In Bartholomew Finkle, Promo by Bartholomew Finkle

Cornell University…the crème de le crème of institutions of higher education.  The institution where the rich and uber wealthy try to grease hands to get their snob nosed, unqualified kids admitted so they can have a leg up on others in society, as though their fortune wasn’t enough as is.  The place where, despite their academic aptitude, kids from lower socioeconomic backgrounds who deserve to get admitted, are left on the outside of the hallowed grounds looking in with envy.  Another setback to add to the existing pile that continues to plague their lives.

Arcadia…the crème de le crème of civilization. Or.  Is Arcadia all there is?  Is there something out there, wherever out there may be, that provides a better quality of life?  That provides better opportunities for those that inhabit it’s sphere?

O.S.W…a sliver of Arcadia that allows for those from all corners of Arcadia to live out their wildest imaginations.  It is a place that allows grown men to wear masks, paint their faces, wear outlandish costumes, and, well…quite frankly whatever the hell else one’s heart desires.  It is a place that welcomes the crazy, insane, decrepit, happy, mad, sad, lonely, and whatever other adjectives you can think of to describe humans.

A place that has just gotten a lot smarter.

Bartholomew Finkle…some would describe as a wunderkind, others as damn near genius, and the rest…lame.  No matter how those around him view him and describe him, one thing is for certain.  He’s the smartest man in every room he walks in, and the vaunted halls and ring and Old School Wrestling is no damn different.  Take one good look at the man and it is easy to wonder if he is lost.  The exquisite dress garments, with suspenders and bow tie to top it off, would easily confuse those who would see him in the OSW locker room or in the squared circle.

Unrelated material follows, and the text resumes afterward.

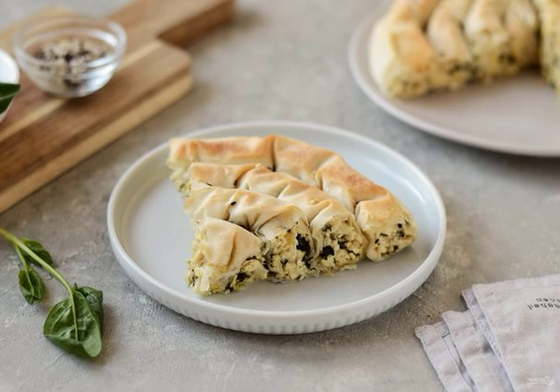Spanakopita is a Greek pie made of phyllo dough, with a filling of feta and spinach. The filling is very tender and juicy, and the dough is crispy. A very tasty combination.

But rest assured…he belongs.

“Go ahead…ask me,” Finkle stares into the camera.  “I know you want to ask me what in the flying squirrel nuts am I doing joining Old School Wrestling.”

He straightens his bowtie before continuing, “It’s simple…well, simple to me.  For those in the locker room and the couch potatoes, it might take a while to register.”

“I don’t have to look like Tombstone, Jackson Cade, Nox, or The Yellow Python, to be here or to fit in. The macro economics of Old School Wrestling proves the place is draconian and on the verge of crashing.  Now, those are two descriptions that people in my profession don’t like to hear.  But I’m not here to talk about financial instruments.  Instead, I’m here to tell you that the top few that have ruled can no longer sustain the viability of OSW.  It is time for new entrants into the market that is the OSW ring.  It’s about the supply meeting the demand of the consumer…the fans.

And I am the supply to meet that demand.  The Professor will disrupt the market.”